Exercise goal :: Please transcribe the records precisely; pictures stay out of your copy.

(Items from a data source)
BEGIN

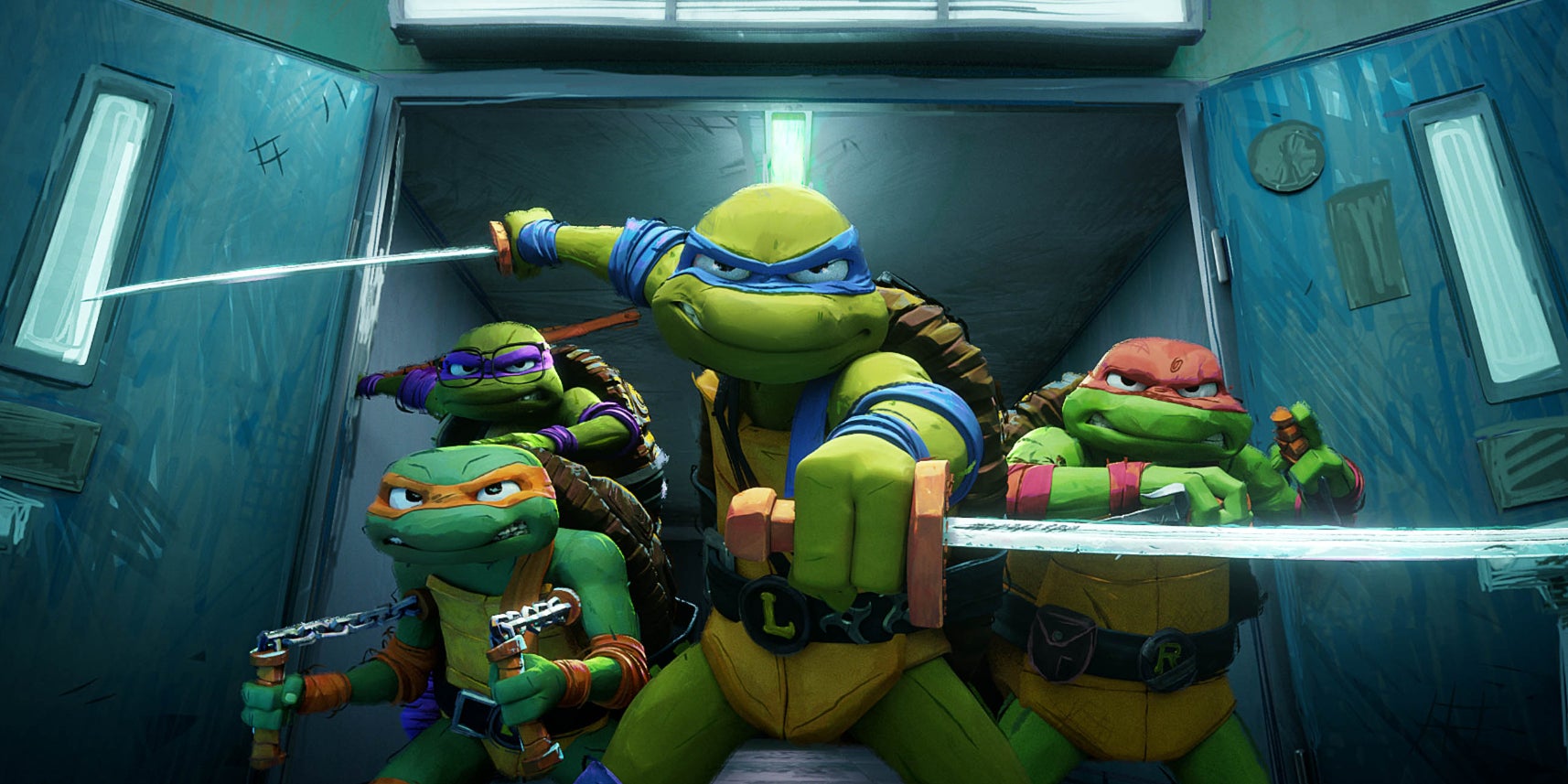 Les Tortues Ninja comme vous ne les avez jamais vues dans le nouveau film d'animation "Ninja Turtles : Teenage Years".
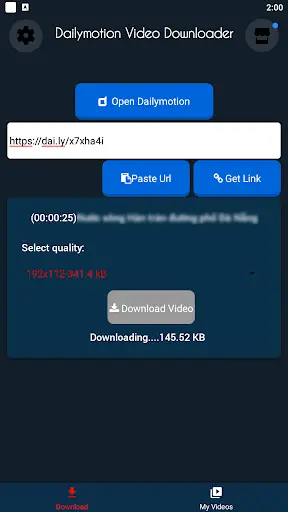 Video Downloader for Dailymotion screenshot 2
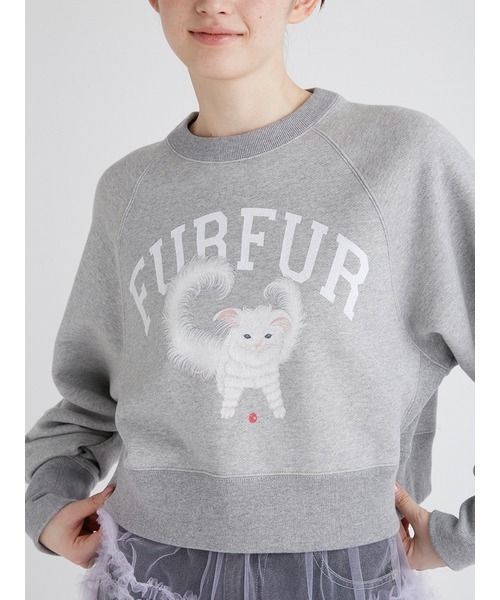 FURFUR(ファーファー)の「樋上公実子コラボ“Mira”スウェット(スウェット・レディース・アイボリー/グレー/ブルー・FREE)」の12枚目の写真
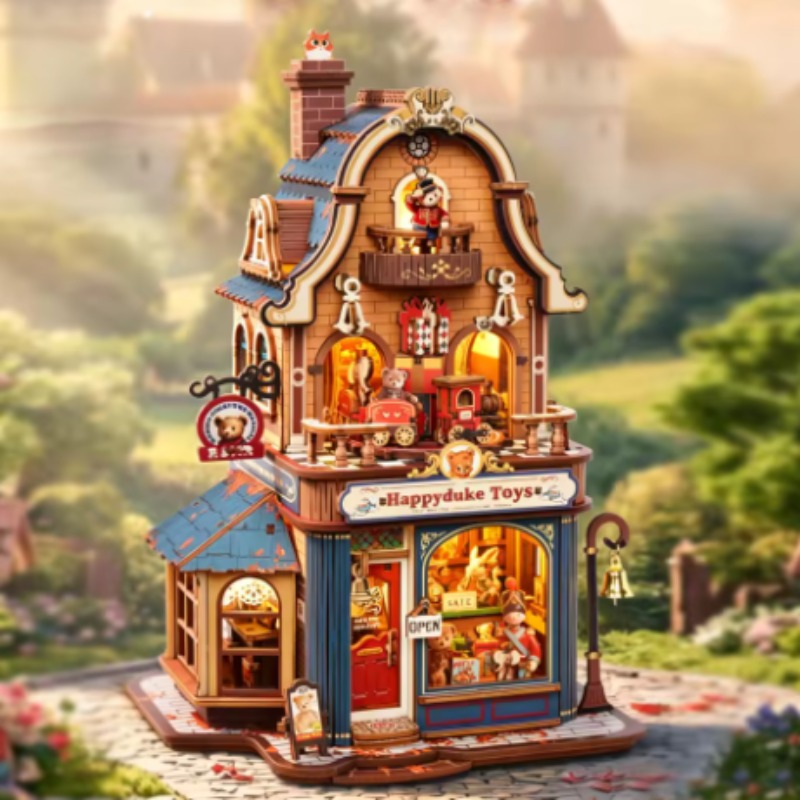 Lighting Room Decor Items - 새로운 로보타임 베어 토이샵 조립 모델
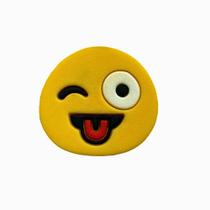 Kit 50 Peças aplique Emborrachado Emoji Extrovertido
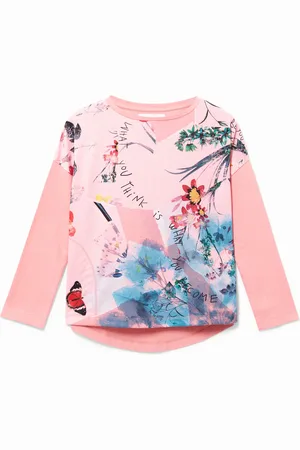 Desigual Camiseta oversize floral - - 11/12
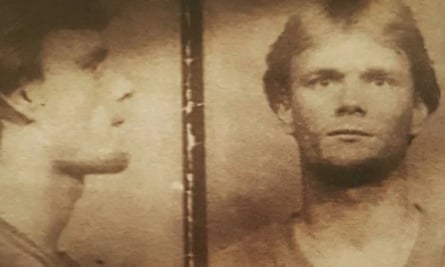 Yarris’s police mugshot when he was charged with rape and murder, aged 20, in 1981.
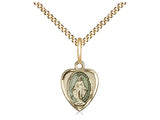 Blue Miraculous Heart Medal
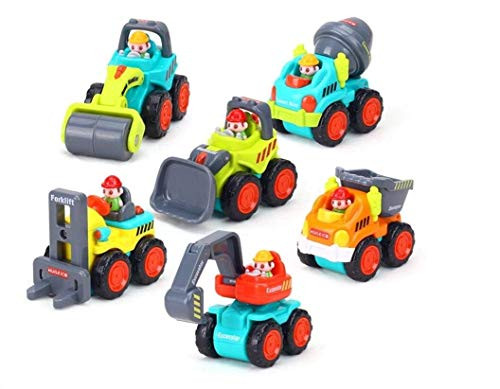 Zoostliss (Set of 6) Sliding Toy Cars, Pocket Construction Vehicles Trucks Toy for Boys Toddlers Kids - Bulldozer, Cement Mixer, Dumper, Forklift, Excavator and Road Roller Zoostliss (Set of 6) Sliding Toy Cars, Pocket Construction Vehicles Trucks Toy for Boys Toddlers Kids - Bulldozer, Cement Mixer, Dumper, Forklift, Excavator and Road Roller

END

Reply to the exercise ::
 Les Tortues Ninja comme vous ne les avez jamais vues dans le nouveau film d'animation "Ninja Turtles : Teenage Years".
 Video Downloader for Dailymotion screenshot 2
 FURFUR(ファーファー)の「樋上公実子コラボ“Mira”スウェット(スウェット・レディース・アイボリー/グレー/ブルー・FREE)」の12枚目の写真
 Lighting Room Decor Items - 새로운 로보타임 베어 토이샵 조립 모델
 Kit 50 Peças aplique Emborrachado Emoji Extrovertido
 Desigual Camiseta oversize floral - - 11/12
 Yarris’s police mugshot when he was charged with rape and murder, aged 20, in 1981.
 Blue Miraculous Heart Medal
 Zoostliss (Set of 6) Sliding Toy Cars, Pocket Construction Vehicles Trucks Toy for Boys Toddlers Kids - Bulldozer, Cement Mixer, Dumper, Forklift, Excavator and Road Roller Zoostliss (Set of 6) Sliding Toy Cars, Pocket Construction Vehicles Trucks Toy for Boys Toddlers Kids - Bulldozer, Cement Mixer, Dumper, Forklift, Excavator and Road Roller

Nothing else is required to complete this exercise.